There I was standing on a hot dusty street in Glitter Gulch. I had just gone through a divorce. My finances were nil. And I was looking for a job.
I have news for you. Las Vegas is not the best city in the world to look for work. Oh, you can find it if you want to stand on street corners distributing literature to pull people inside to a bar, girlie show or whatever the owner happens to be selling.
That wasn't my style. I am a writer. If it doesn't have something to do with editorial, I am not interested.
My finances totaled less than $30. Inside my briefcase I had a couple of gambling stories I had written on an old Smith-Corona Typewriter that somebody had left at the cheap motel where I was staying, probably because they were short of cash for a night's stay. The stories weren't bad. One was non-fiction, a portrait of a horse player I had met. The other was a short story called 'Weeping Willie' that I had written about a poker player I had met in Lake Elsinore, CA.
It was August 2003. The temperature was sizzling at around 106. I had been walking all morning to save the cost of an all-day bus pass. I had visited three publishers in less than three hours -- the Las Vegas Sun ('Sorry, no openings. You can leave your resume if you'd like.'), the Las Vegas Business Press, and some other entertainment magazine whose name I don't remember.
The sign on the door of the non-descript building on Industrial Road said GAMING TODAY, CHUCK DI ROCCO, PUBLISHER. The plate glass window looked like it could use a good cleaning. I took a deep breath and walked inside, thankful to be in an air-conditioned office.
A smallish man in a sports jacket and tie sat at a desk. He wore glasses and was studying a Daily Racing Form. In his lap was a small white dog.
'Chihuahua?,' I said, reaching out to pet the dog. It snapped at me, missing my hand by half an inch.
'Mixed breed,' said the man, laying down the racing form. 'She hates people.'
That was how I met one of the legends of Las Vegas.
Di Rocco was a native of Philadelphia who studied journalism at Penn State University. After working at several newspapers and magazines on the East Coast, he had relocated to Las Vegas where his colorful, off-the-wall personality fit in like a glove.
As he listened to my spiel about looking for a writing job, he glanced through my stories. Once he held up his hand to stop me from talking. I clammed up. Di Rocco read my stories and nodded.
'You can write,' he said. 'You're hired.'
HUH? Hired? For what, I wondered. I hadn't even gotten to the point where I was asking him for a job. But that was the way Chuck Di Rocco operated. He liked my stories, he bought them on the spot, and when I left his office an hour later, I had an extra $75 in my pocket that would cover the $25 buy-in at a poker tournament that night at the Union Plaza Casino.
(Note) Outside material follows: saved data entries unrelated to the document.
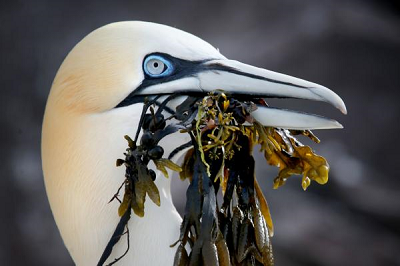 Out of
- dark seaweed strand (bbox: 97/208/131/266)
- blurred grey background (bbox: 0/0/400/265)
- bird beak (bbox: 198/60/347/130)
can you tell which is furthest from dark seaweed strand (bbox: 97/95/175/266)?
blurred grey background (bbox: 0/0/400/265)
Di Rocco was born Feb. 25, 1935 in Philadelphia, PA. He came into this world on the tail end of the Great Depression. That alone taught him to fight, scrape and clay to make a living in a tough profession where only the tough survive.
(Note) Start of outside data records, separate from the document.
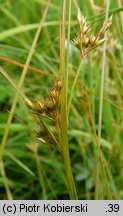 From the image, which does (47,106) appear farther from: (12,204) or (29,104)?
(12,204)

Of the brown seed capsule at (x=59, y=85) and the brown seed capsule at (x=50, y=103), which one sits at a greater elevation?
the brown seed capsule at (x=59, y=85)

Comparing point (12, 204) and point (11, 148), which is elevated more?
point (11, 148)

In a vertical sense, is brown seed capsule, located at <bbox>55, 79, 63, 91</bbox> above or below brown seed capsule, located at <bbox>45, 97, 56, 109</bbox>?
above

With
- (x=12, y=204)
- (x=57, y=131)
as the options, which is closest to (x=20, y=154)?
(x=12, y=204)

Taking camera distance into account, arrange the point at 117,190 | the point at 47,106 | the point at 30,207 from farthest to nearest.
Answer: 1. the point at 117,190
2. the point at 30,207
3. the point at 47,106

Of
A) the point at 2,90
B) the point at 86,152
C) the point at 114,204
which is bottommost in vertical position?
the point at 114,204

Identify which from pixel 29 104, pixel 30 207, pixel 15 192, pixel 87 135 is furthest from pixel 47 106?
pixel 15 192

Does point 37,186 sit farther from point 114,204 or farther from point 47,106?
point 47,106

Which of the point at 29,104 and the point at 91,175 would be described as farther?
the point at 91,175

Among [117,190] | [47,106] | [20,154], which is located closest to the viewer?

He became involved in a number of ventures, including the simulcasting of horse races. When Di Rocco appeared on the Las Vegas scene, only a couple of major races, including the Kentucky Derby, were simulcast to the Las Vegas casinos that were lucky enough to have horse rooms.
Di Rocco changed all that. An avid horse player and gambler all his life, he set up 'wires' between Arlington, Churchill Downs, Turfway and other tracks so that bookies and sports book operators could handle their bets. Although he ran into occasional problems with the sports books -- some claimed he was charging too high a rate for his services -- Di Rocco expanded his services until people began coming to him for advice.
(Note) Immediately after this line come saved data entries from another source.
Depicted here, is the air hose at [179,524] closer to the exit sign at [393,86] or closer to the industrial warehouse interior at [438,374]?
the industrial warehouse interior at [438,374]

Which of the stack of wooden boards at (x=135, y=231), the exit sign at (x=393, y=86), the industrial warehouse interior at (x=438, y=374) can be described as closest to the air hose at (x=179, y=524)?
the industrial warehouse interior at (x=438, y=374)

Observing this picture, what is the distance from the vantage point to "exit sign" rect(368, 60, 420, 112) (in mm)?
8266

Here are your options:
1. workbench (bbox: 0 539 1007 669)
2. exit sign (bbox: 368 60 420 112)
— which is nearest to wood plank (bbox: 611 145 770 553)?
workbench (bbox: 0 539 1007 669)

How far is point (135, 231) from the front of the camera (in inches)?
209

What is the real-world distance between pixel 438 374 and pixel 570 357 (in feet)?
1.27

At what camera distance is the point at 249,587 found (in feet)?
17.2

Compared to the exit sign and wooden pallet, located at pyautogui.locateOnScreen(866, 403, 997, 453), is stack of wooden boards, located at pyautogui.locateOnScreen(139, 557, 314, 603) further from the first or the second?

He was a tough, hard-nosed businessman who loved a good fight. Once when a business associated screamed at him over the phone and called him a name that cannot be published in a respectable newspaper, Di Rocco ended the conversation by saying sweetly, 'I have been called worse than that by better than you,' and slammed down the receiver.
I went to work as a staff writer for Di Rocco, working under an editor named Ray who was Di Rocco's right-hand man. I interviewed poker players, horse handicappers and other high-profile celebrity gamblers in Las Vegas. It was fun and Di Rocco paid me fairly for my services -- when he had the money.
Friday at 5 p.m. was when we got paid. I remember sitting behind my desk in the editorial office waiting for my check. My editor and the other staff writers and columnists would be sitting in a row drinking coffee, eating peanuts and waiting for the publisher.
'I hope he had a good day at the track,' Ray said, yawning. 'Otherwise...' his voice trailed off. 'We might not get paid until Monday.'
At precisely 5 p.m., the door swung open. Di Rocco came in. He was carrying his vicious little white dog and had a big fistful of bills in his hand. He was smiling.
'Line up, children, for the goodies,' he said. We all burst into laughter.
Di Rocco died on March 6, 2004 at the age of 69. I didn't know it, but he had been ill for a long time. The cause of death was complications from pneumonia.
His widow, Eileen, and son, Edward, took over the business. They immediately suspended operations. Although the company owed me money, I wasn't thinking of that when I picked up my personal belongings and headed for the door.
At the door, I paused. The other staffers were gathered around Di Rocco's desk, heads bowed.
'He was a helluva guy, wasn't he?,' I said.
Ray looked at me and smiled. 'Even on his worse day,' he said.